The Building of The House of Life

In 1909, Wilfred S. Blunt, author of the sonnet sequence Esther, asserted to Sir Sydney Cockerell that he considered Dante Gabriel Rossetti's 103-sonnet poem The House of Life ‘the greatest of all the great Victorian poems’. This image of its loftiness has been popular among the poem's would-be interpreters, who regard it as an unscaled, perhaps unscalable, pinnacle among Victorian peaks. Certainly, its textual complexities are formidable, and it is impossible to attempt an authoritative interpretation of the House without the benefit of a proper critical edition. The final version, which appeared in Ballads and Sonnets (1881), contained sonnets written as early as 1847, before the formation of the Pre-Raphaelite Brotherhood, and as late as 1880. The individual ‘sonnet-stanzas’ of the House were thus composed over a period of thirty-four years, twice the time it took Alfred Tennyson to compose all the individual lyrics of In Memoriam.

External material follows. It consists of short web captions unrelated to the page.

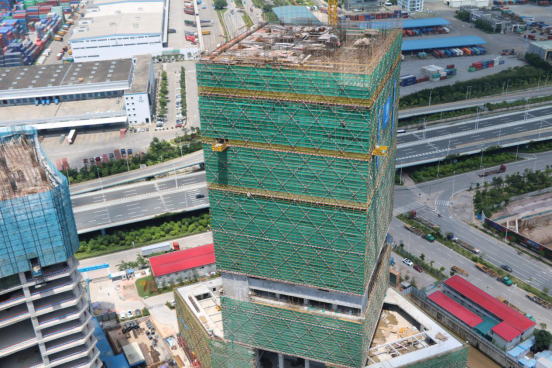 中建三局前海自贸大厦项目施工高度破百米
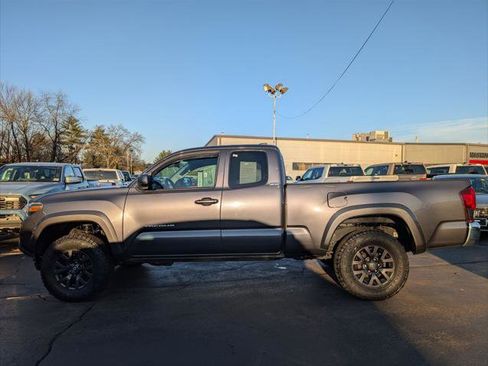 Certified 2022 Toyota Tacoma SR5 w/ SR5 Appearance Package (SM) AWD/4WD image 3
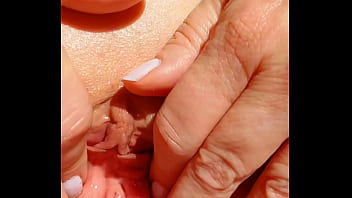 Pussy massage and spread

The sequence itself appeared in three different states: 16 sonnets in 1869, published in the Fortnightly Review with the title ‘Of Life, Love, and Death’; 50 sonnets and 11 lyrics published in Poems (1870) with the title ‘Sonnets and Songs, towards a Work to Be Called The House of Life’; 102 sonnets (including an unnumbered proem-sonnet but no songs) published in Ballads and Sonnets (1881) as The House of Life in a two-part sequence with the subtitles ‘Youth and Change’ (59 sonnets) and ‘Change and Fate’ (42 sonnets). Jerome McGann identifies a fourth state (McGann 2003: 386), the Bodleian Library MSS of 30 sonnets and songs that J. R. Wahl published as The Kelmscott Love Sonnets of D. G. Rossetti, but McGann's claim that these documents form ‘a relatively coherent’ version of the sequence is difficult to support. They form no entity and have no unity beyond being a collection of fair copies that Rossetti included in letters to Jane Morris. Some of these poems were never part of any version of the House. Nevertheless, McGann's emphasis on the instability of this long poem is critically sound: it is a house built upon ever-shifting sands.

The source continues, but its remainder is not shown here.